Data below section start

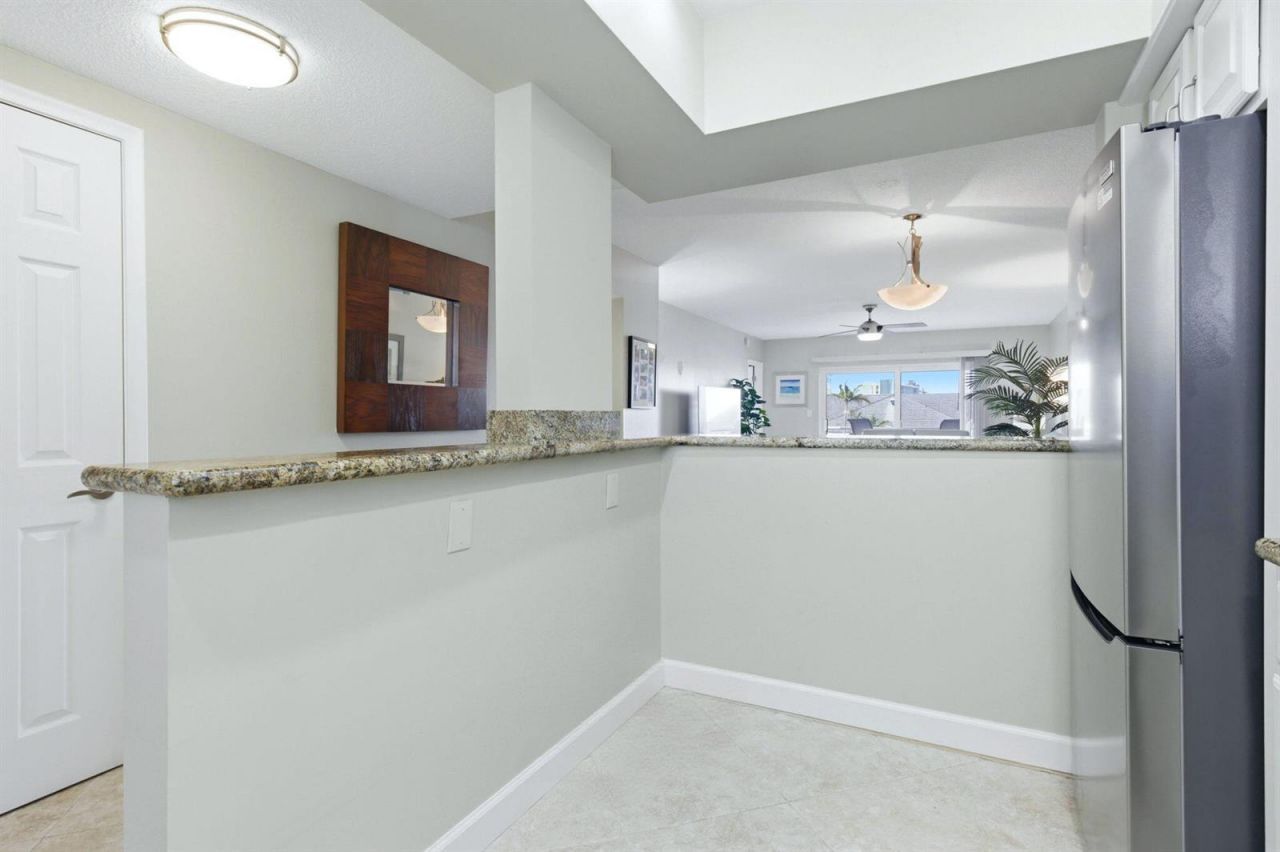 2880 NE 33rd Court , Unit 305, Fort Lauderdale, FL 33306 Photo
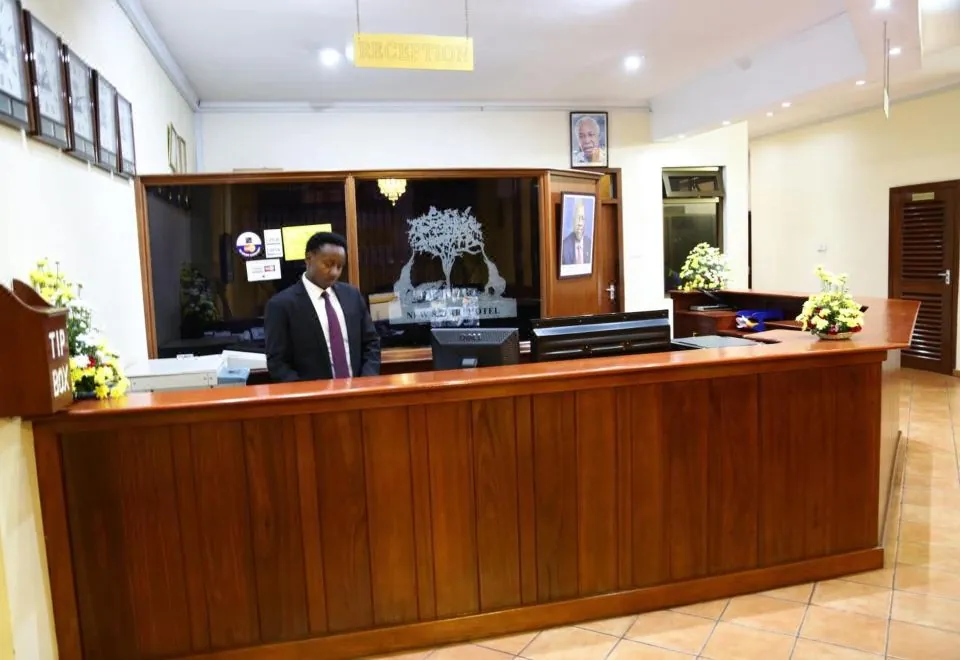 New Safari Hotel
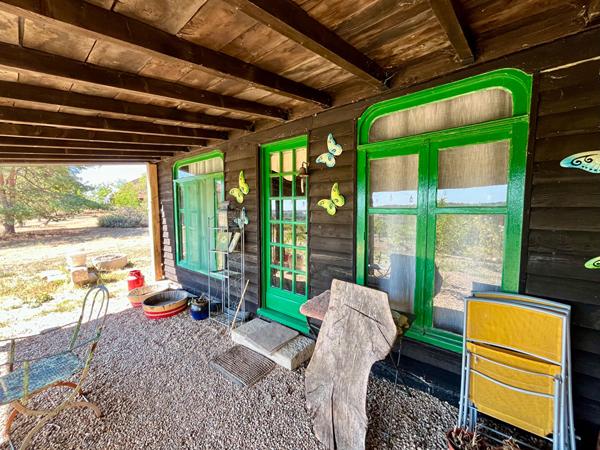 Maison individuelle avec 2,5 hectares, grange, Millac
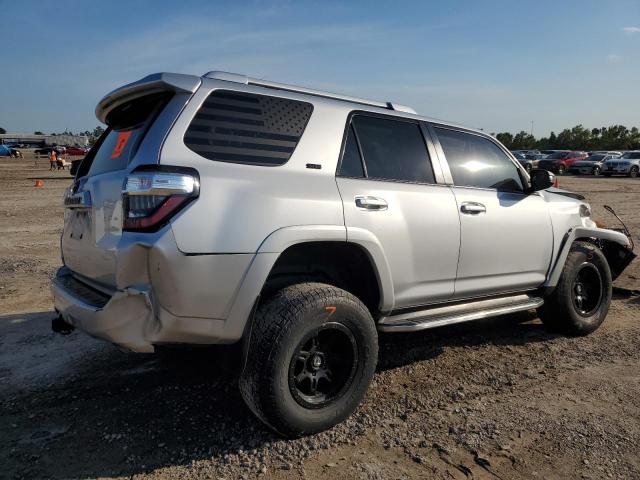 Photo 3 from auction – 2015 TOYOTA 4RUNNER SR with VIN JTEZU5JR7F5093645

Data below section end

Using the material above, return every line exactly as it appears, minus the pictures.

Result:
 2880 NE 33rd Court , Unit 305, Fort Lauderdale, FL 33306 Photo
 New Safari Hotel
 Maison individuelle avec 2,5 hectares, grange, Millac
 Photo 3 from auction – 2015 TOYOTA 4RUNNER SR with VIN JTEZU5JR7F5093645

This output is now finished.